Like a lot of the older cartoons, I remember Transformers as a moral and heroic struggle against Megatron and his evil Deceptacons. I sneered at Starscream, cheered for Optimus and laughed at Jazz. But I was never really "into" the cartoon. I remember as much of it as I remember from Voltron and Teenage Mutant Ninja Turtles -- namely the toys that came along with the shows.
Then a new Transformers appeared, with a new look, new characters and a darker tone than its squeaky clean predecessor. The show, Beast Wars, ran each morning at 6:30 a.m., the perfect time for a teenager to watch TV while I got ready for school. That show probably kept me from being tardy two or three times a week.
It was one of the first shows where the good guys didn't always win -- in fact, they often lost spectacularly and not because the bad guys cheated, but because the heroes had their own flaws. Apparently, the few characters was an accident that came about because it would have cost too much to have more characters digitally animated.
It worked.
Each character had a distinct personality, they were robots with souls, with senses of humor, failings and strengths. It engrossed me, I followed the three-season series as closely as I could.

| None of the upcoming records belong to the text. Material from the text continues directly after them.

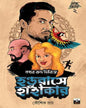 Handurase Hahakar by Kaushik Roy [Paperback] - versoz.com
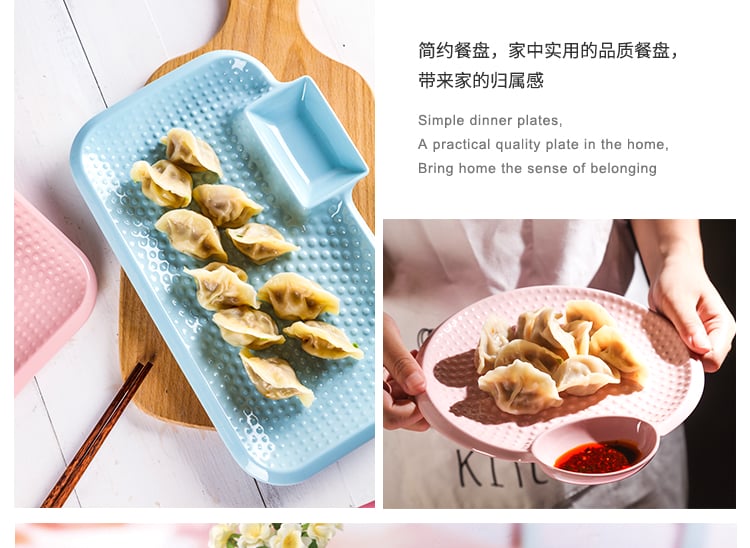 缤纷饺子盘系列_07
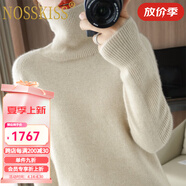 NOSSKISS重磅加厚高領(lǐng)套頭羊毛絨衫女色氣質(zhì)歐洲站寬松長袖羊毛衫 米色 S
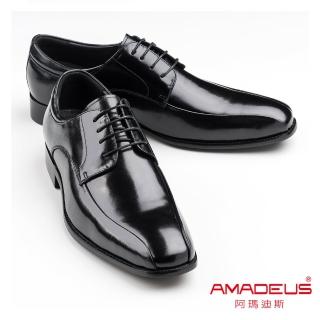 【AMADEUS 阿瑪迪斯皮鞋】義式小方頭紳士男皮鞋 綁帶款 經典黑(男皮鞋)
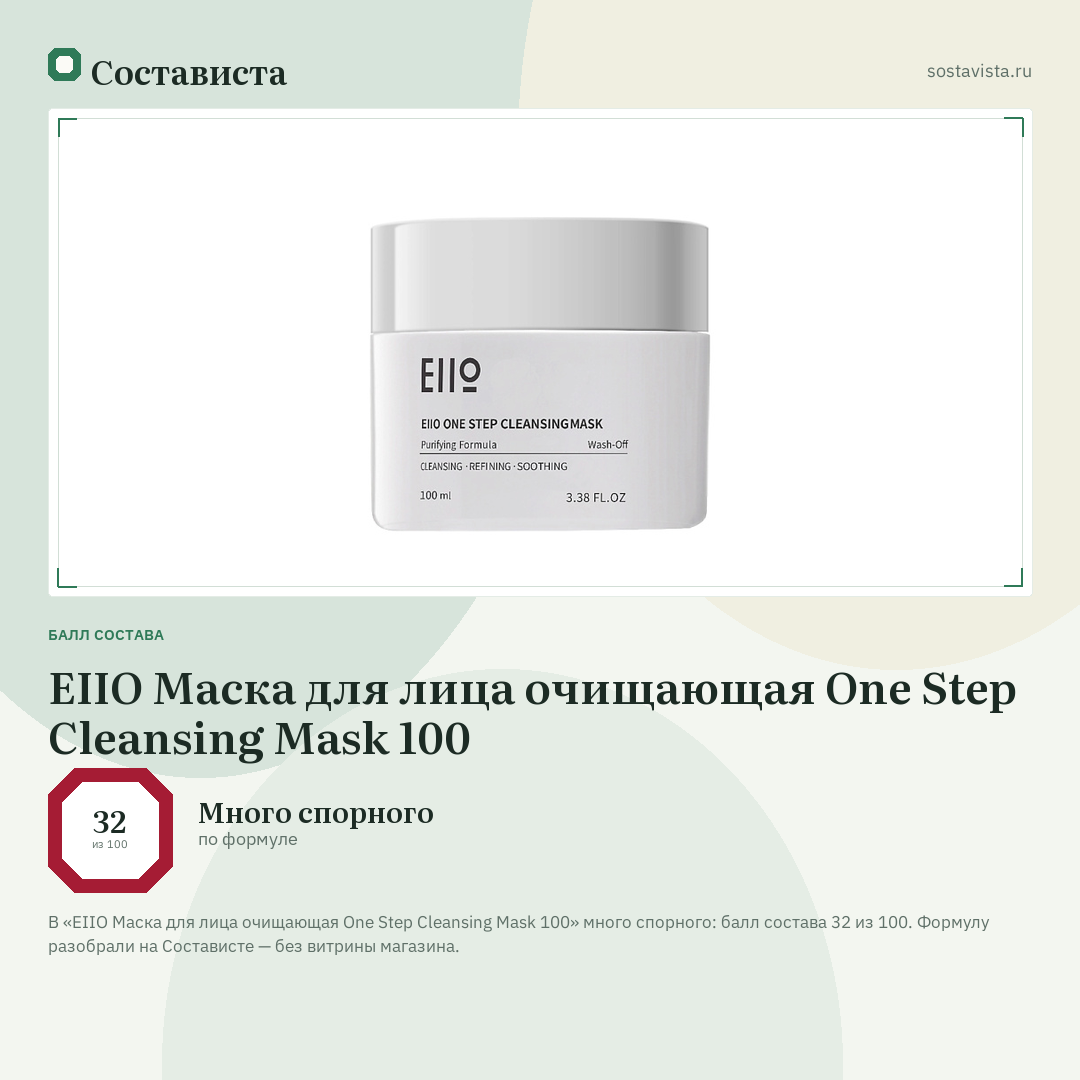 EIIO Маска для лица очищающая One Step Cleansing Mask 100: балл состава 32 из 100 — Состависта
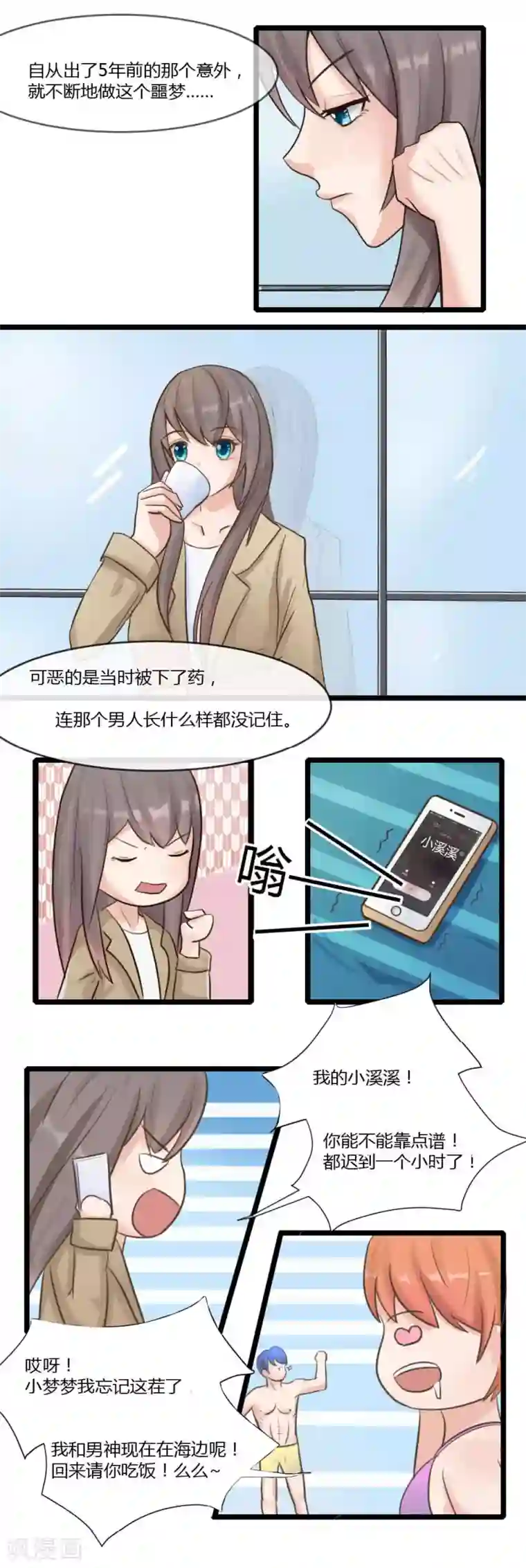 良婚晚成第2话 转瞬五年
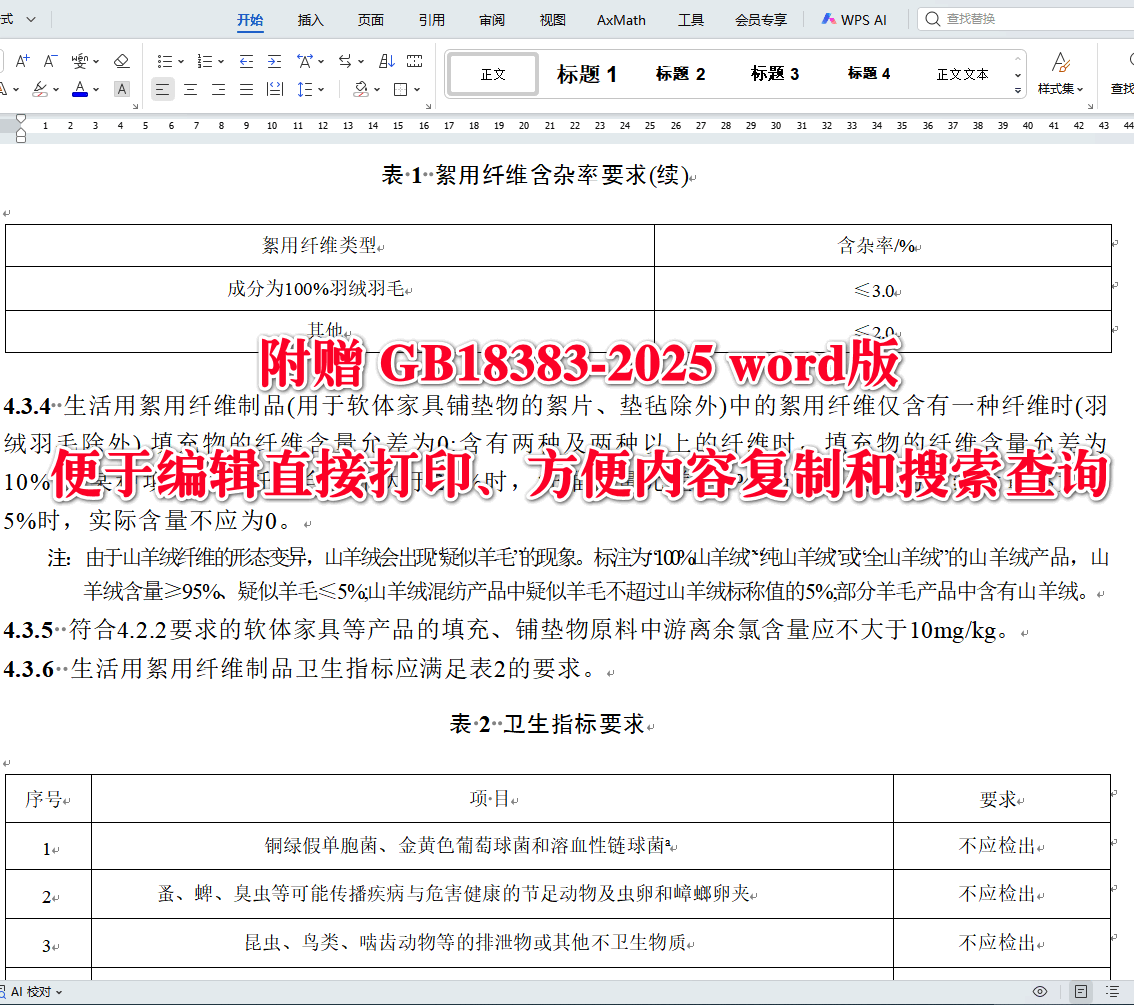 《絮用纤维制品通用技术要求》（GB18383-2025）【全文附高清无水印PDF+可编辑Word版下载】3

And then last night, I went to see the new Transformers movie. The best thing I can say is that it's a series of computer generated action sequences loosely strung together by the best efforts of Shia LeBoeuf. Michael Bay surely must have spent all of his money convincing the voice actor behind the original Optimus to return for this movie.
It lacked that overwhelming sense of heroism from the first series and the character development from the second. It made poor use of some talented actors (John Turturro, Jon Voight) and of some not-so talented actors (cough-Tyrese-cough).
For a movie tagged "More than meets the eye," it was anything but.